◆ **Activity**
What you return must be the full listing, word for word, with no images in it.

◆ **Dataset records**
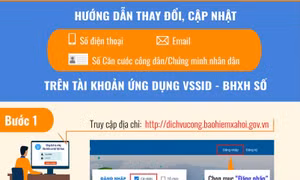Hướng dẫn thay đổi, cập nhật tài khoản trên ứng dụng VssID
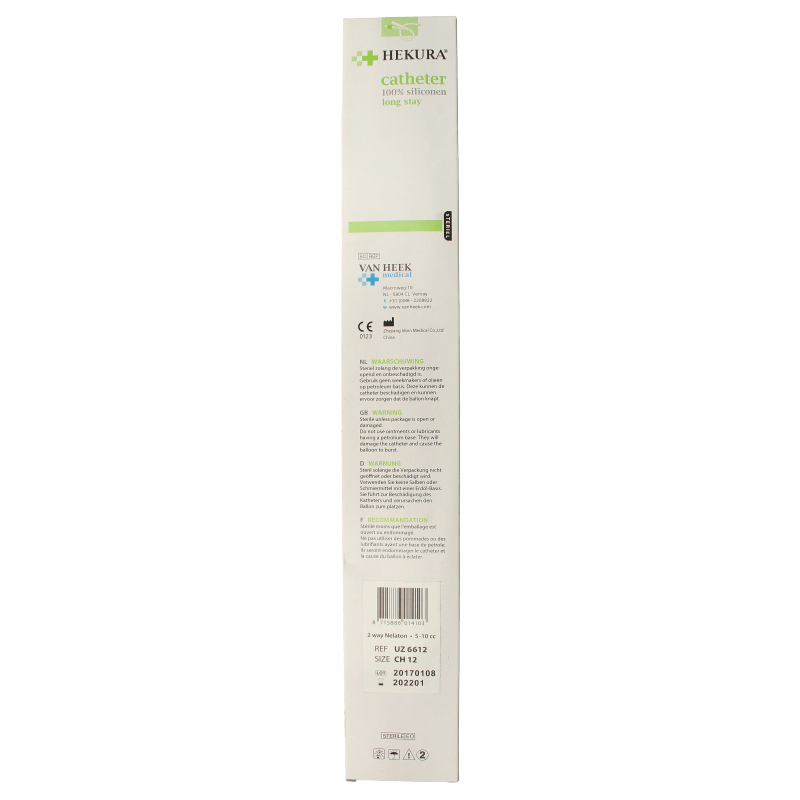 Hekura Catheter 100% siliconen CH12 1 Stuks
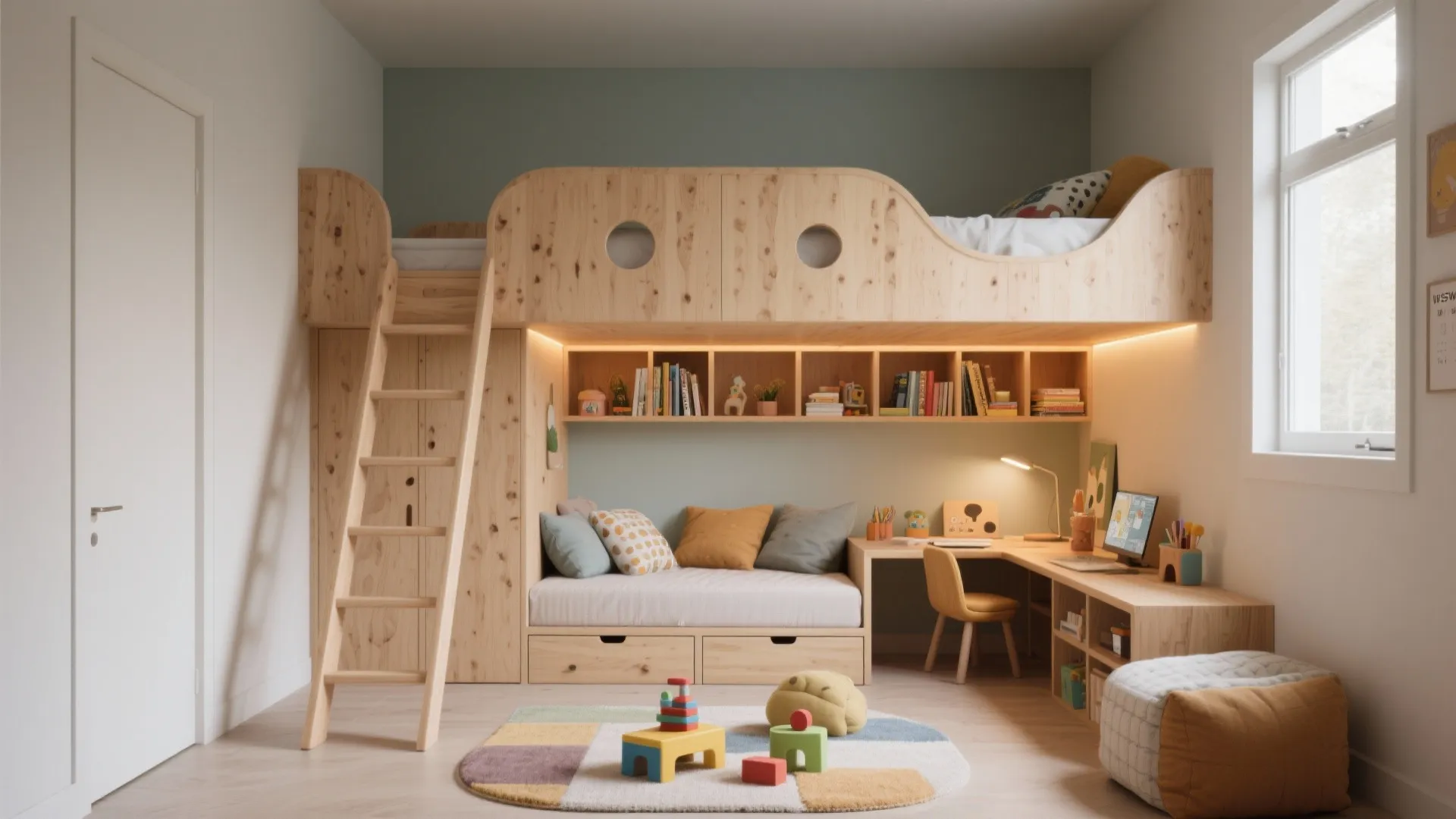 Space-Savvy Bunk and Loft Beds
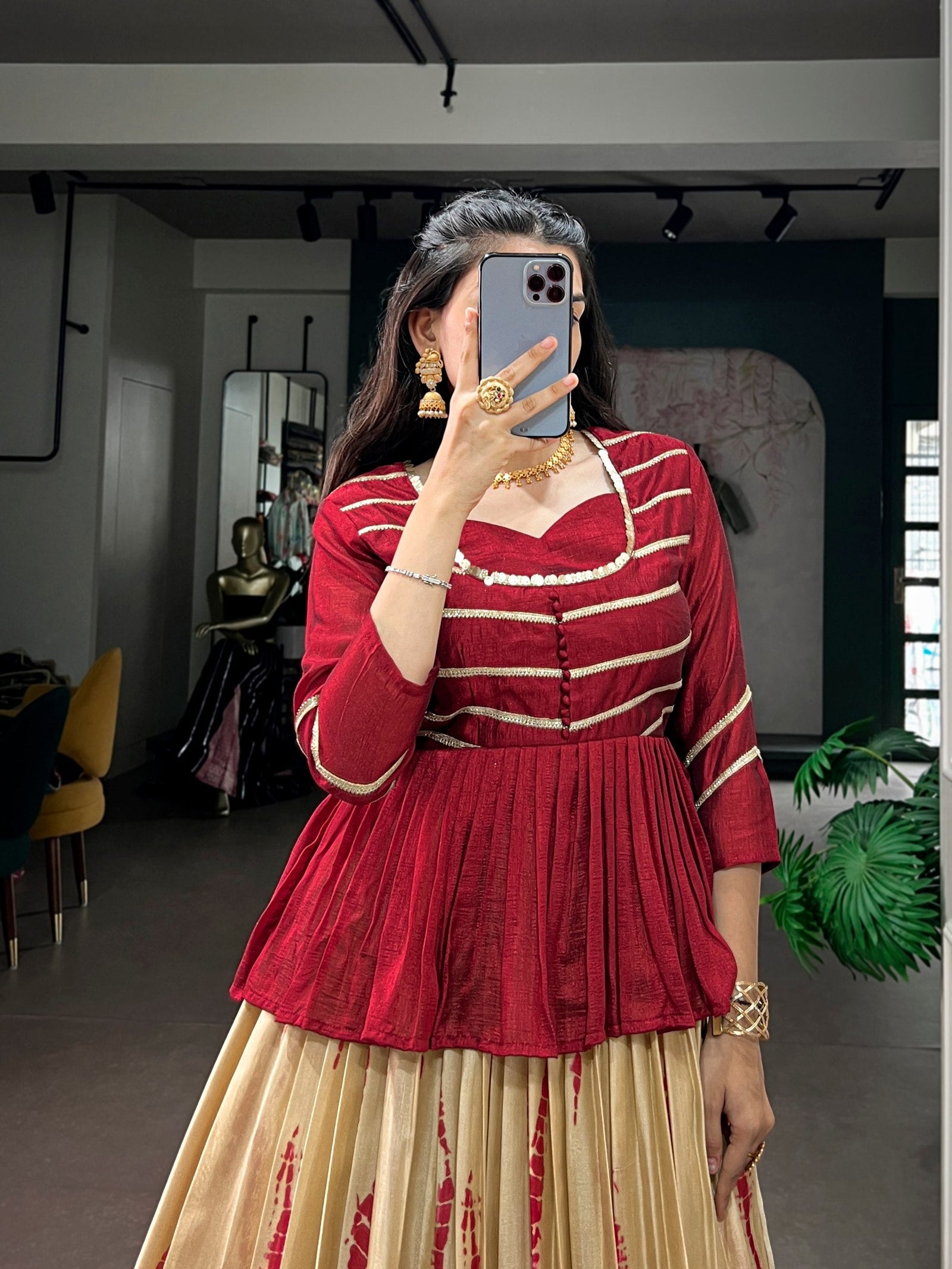 Dola Silk Shibori Print Lehenga Set ClothsVilla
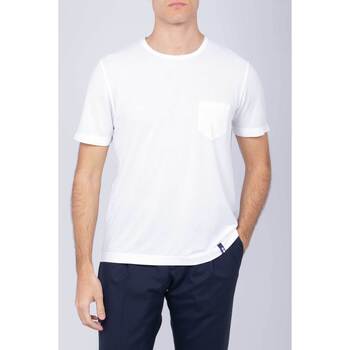 Abbigliamento Uomo T-shirt maniche corte Drumohr DTJ000B 100 Bianco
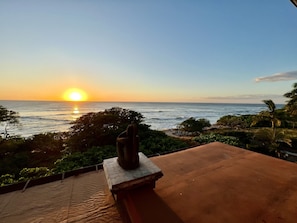 Sunset from rooftop balcony off master bedroom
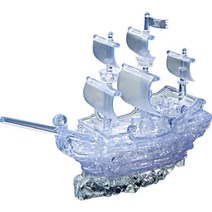 3D입체퍼즐 - 해적선(투명색) (크리스탈퍼즐) 건축물 3d퍼즐 플라스틱퍼즐, 단품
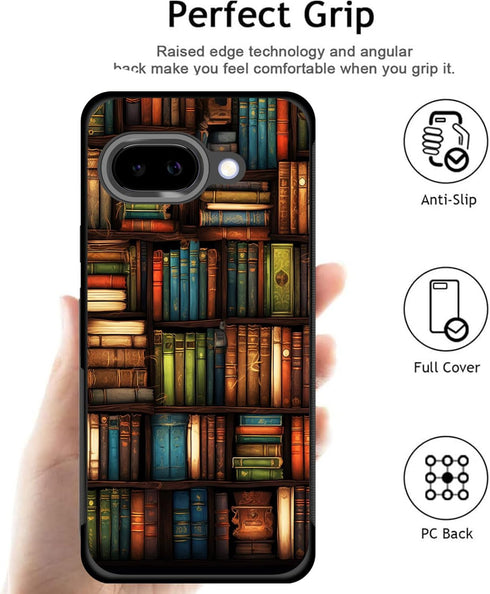 ZQLPLZR 9a 9a 6.3" 2025,Vintage for Pixel Case,Tire Anti-Skid Edges Cute Design Shockproof Bumper Full Protection Back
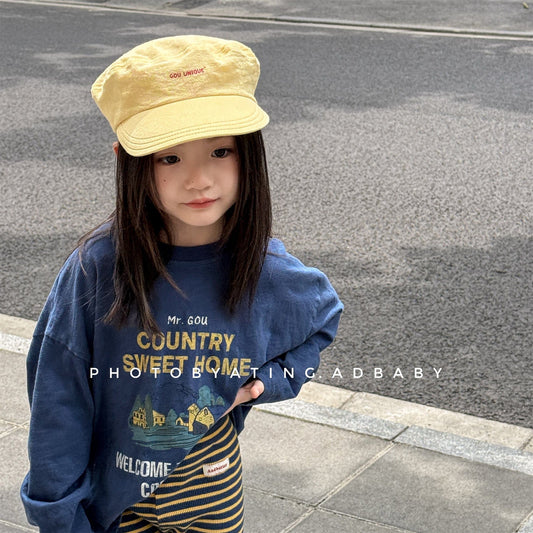 長袖Tシャツ カントリープリント長袖Tシャツ【mh0010628】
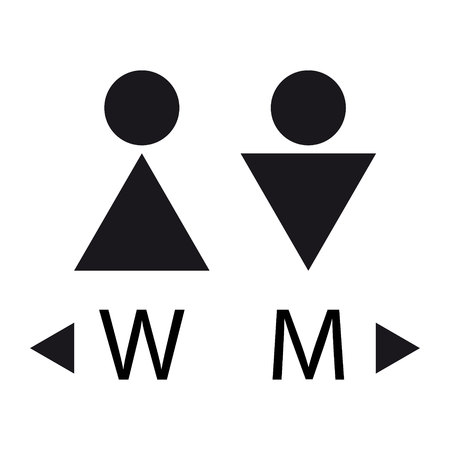 Male and female sign icon, vector illustration.のイラスト素材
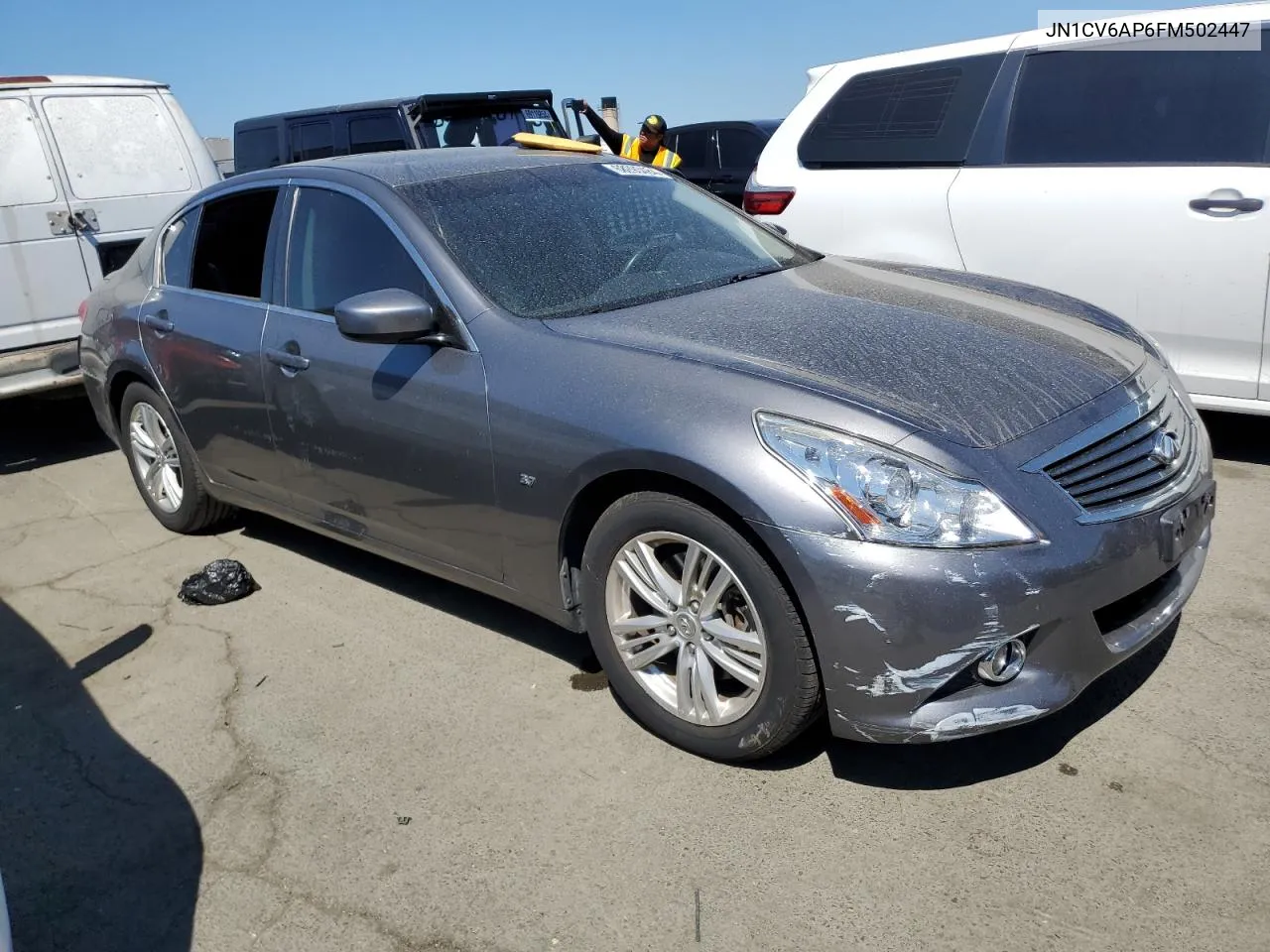 JN1CV6AP6FM502447 2015 Infiniti Q40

◆ **Solution to this task**
Hướng dẫn thay đổi, cập nhật tài khoản trên ứng dụng VssID
 Hekura Catheter 100% siliconen CH12 1 Stuks
 Space-Savvy Bunk and Loft Beds
 Dola Silk Shibori Print Lehenga Set ClothsVilla
 Abbigliamento Uomo T-shirt maniche corte Drumohr DTJ000B 100 Bianco
 Sunset from rooftop balcony off master bedroom
 3D입체퍼즐 - 해적선(투명색) (크리스탈퍼즐) 건축물 3d퍼즐 플라스틱퍼즐, 단품
 ZQLPLZR 9a 9a 6.3" 2025,Vintage for Pixel Case,Tire Anti-Skid Edges Cute Design Shockproof Bumper Full Protection Back
 長袖Tシャツ カントリープリント長袖Tシャツ【mh0010628】
 Male and female sign icon, vector illustration.のイラスト素材
 JN1CV6AP6FM502447 2015 Infiniti Q40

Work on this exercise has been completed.